Filipino thrillers in Melbourne
Filipino thrillers are making their mark in Asian horror.
Two Filipino films have been included in the lineup of the Fantastic Asia Film Festival, to be held in Melbourne, Australia, from Nov. 10 to 13.
Film critic and scholar Andrew Leavold handpicked Rico Maria Ilarde’s “Altar” and Richard Somes’ “Yanggaw” to be part of the fest, alongside films from China, South Korea, Japan and Hong Kong.
Leavold, who has been writing extensively about Philippine cinema, considers Ilarde and Somes as “two of the most fascinating talents working in genre films at present.”
He pointed out that the two filmmakers are “two radically different personalities, representing divergent filmmaking styles.”
Rico, said Leavold, “is steeped in pop culture and has that formal film-school-training style.” Somes, on the other hand, “approaches film in a more intuitive fashion.”

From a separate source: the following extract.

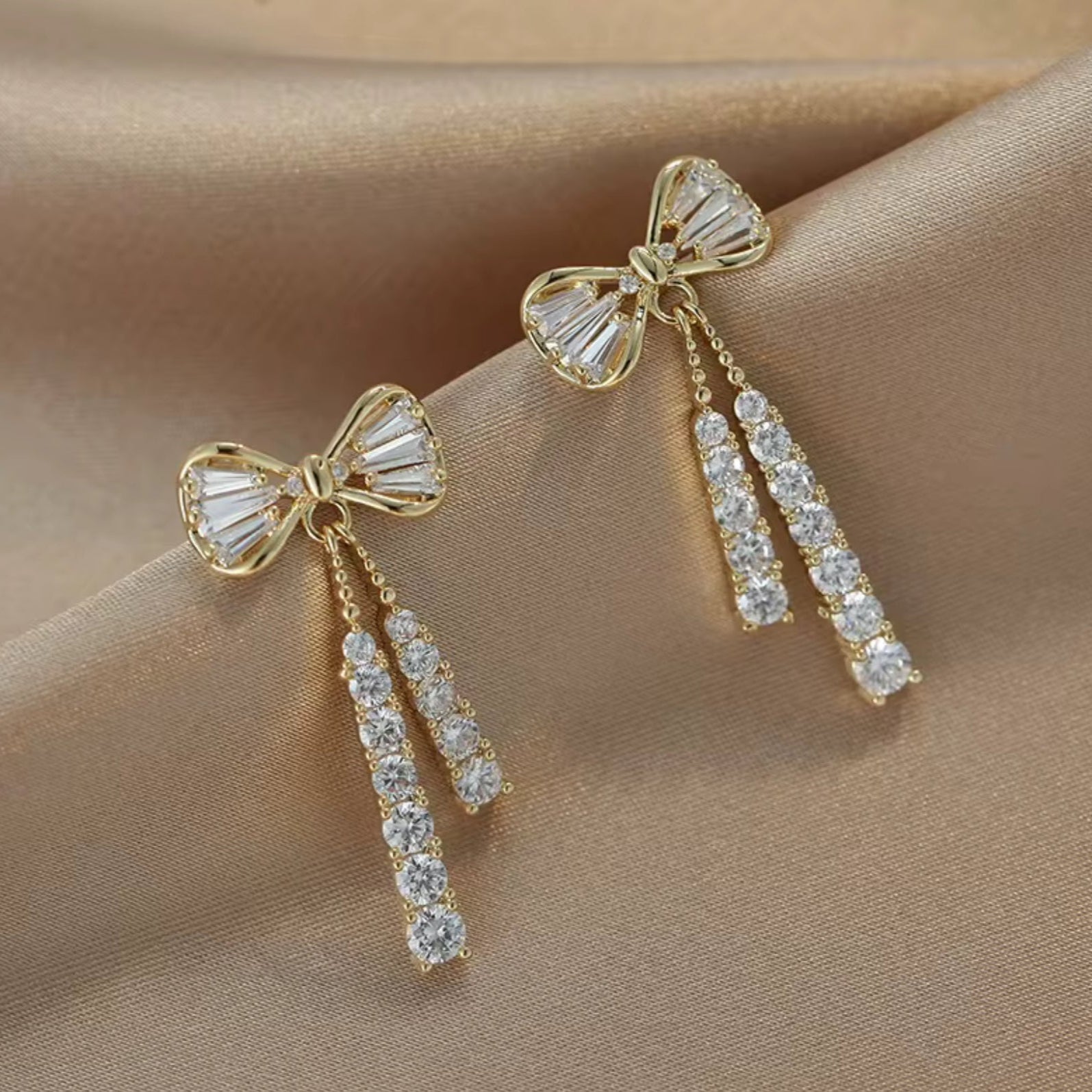 Gold bow-shaped earrings with diamond accents on a beige fabric background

Leavold regards “Altar” and “Yanggaw” as “arguably their best films to date… possessing a deep understanding of the genre, while remaining unmistakably Filipino.”
He described “Altar,” which top-bills Zanjoe Marudo and Dimples Romana, as a “slow-burner… allowing the intricately plotted script to build tension. It says so much about the chasm between city and countryside, civilization and the dark unknown.”
He chose “Yanggaw,” which features Ronnie Lazaro and Tetchie Agbayani, because “it’s a jarring modern take on the aswang legend, equating demonic possession with a kind of addiction.”
Leavold has always been drawn to horror flicks. “Dark fantasy is an important cathartic process in working out our inner demons. Experiencing those fears safely and vicariously via horror films is like jumping out of a plane with a parachute.”
He related that the horror festival is a brainchild of Monster Pictures, a distribution and production company based in Melbourne.
“The fest is the first of its kind in Australia,” he noted. “Hopefully, it’ll be the first of many that will showcase the DVD label’s Asian acquisitions.”
The fest aims to introduce Australian audiences to “new films, new industries, even new countries, they may not have had the opportunity to experience” previously.
In a bizarre twist, Leavold discovered Philippine cinema because of a pint-sized Pinoy James Bond.
“When I was younger, I saw Weng Weng in ‘For Your Height Only,’” he recalled. “I instantly fell in love with him. From that moment on, I wanted to know all I could about the cinema and culture from where Weng Weng had sprung.”
He conceded: “Obsession is a strange creature. Now, I get to teach film in the Philippines and consider Manila my second home. All thanks to Weng Weng.”
Leavold hopes to release his book on Filipino genre filmmaking, “Bamboo Gods and Bionic Boys,” next year.